Activity: Using the records below, write out again exactly the lines that begin at the line containing "Pantofi dama 3OLY70001A H6 N - Maro" and end at the line containing "Mermaid Athiraa", and no other lines.
*** Data extract ***
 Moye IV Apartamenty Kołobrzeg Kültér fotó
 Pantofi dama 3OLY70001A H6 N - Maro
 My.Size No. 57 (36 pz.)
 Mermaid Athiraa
*** End of Data extract ***
*** Data extract ***
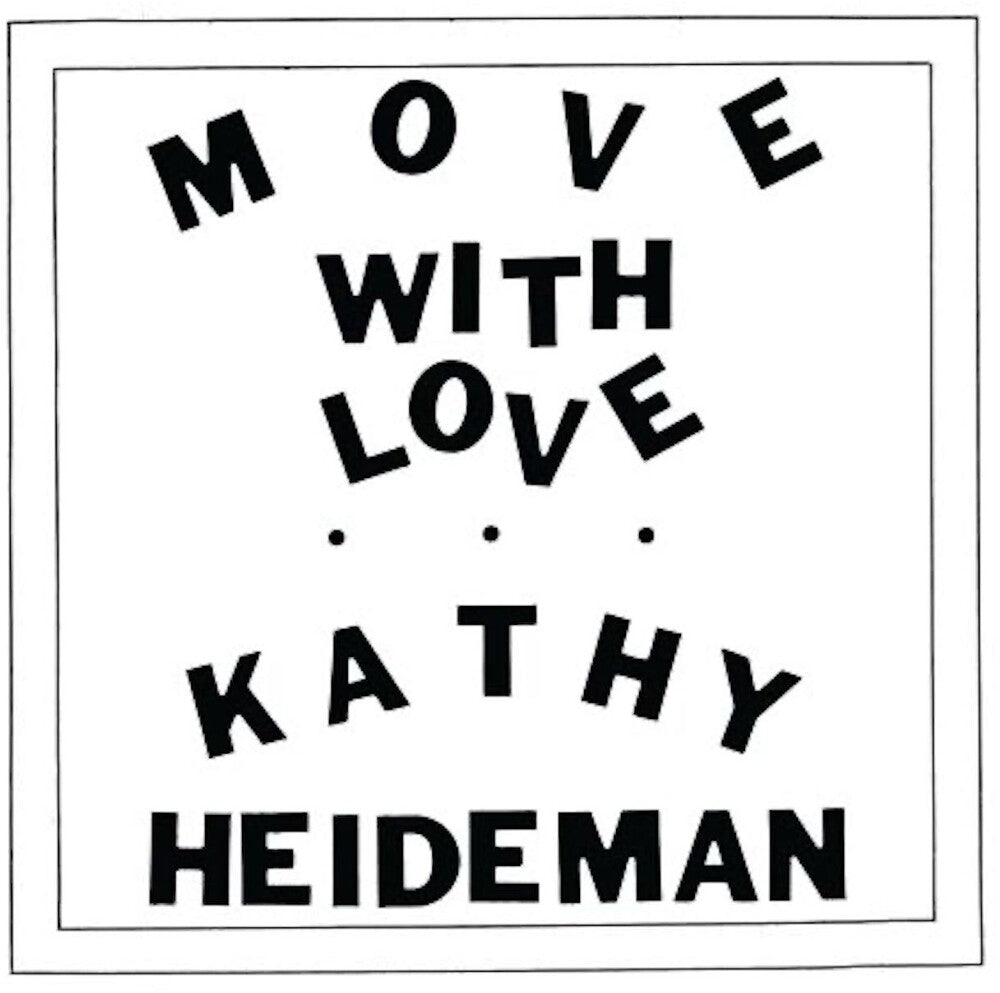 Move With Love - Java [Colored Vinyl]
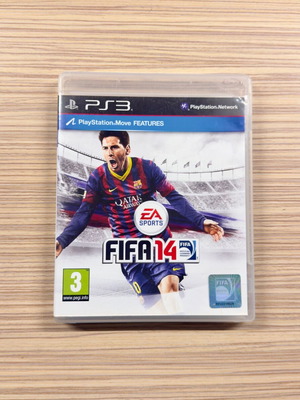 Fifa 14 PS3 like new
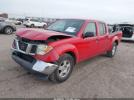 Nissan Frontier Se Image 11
*** End of Data extract ***
*** Data extract ***
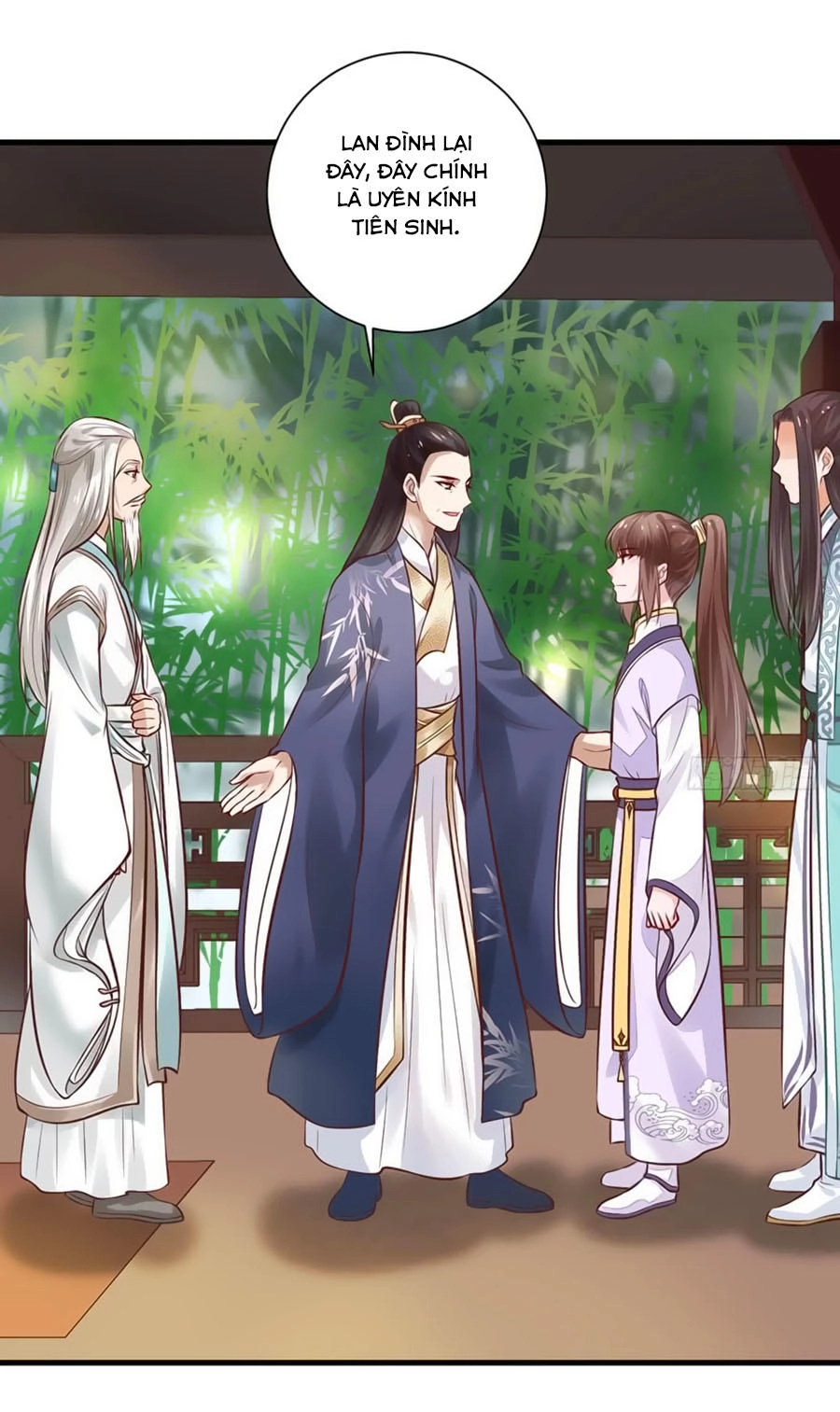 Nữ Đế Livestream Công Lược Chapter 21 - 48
*** End of Data extract ***
Response box:
 Pantofi dama 3OLY70001A H6 N - Maro
 My.Size No. 57 (36 pz.)
 Mermaid Athiraa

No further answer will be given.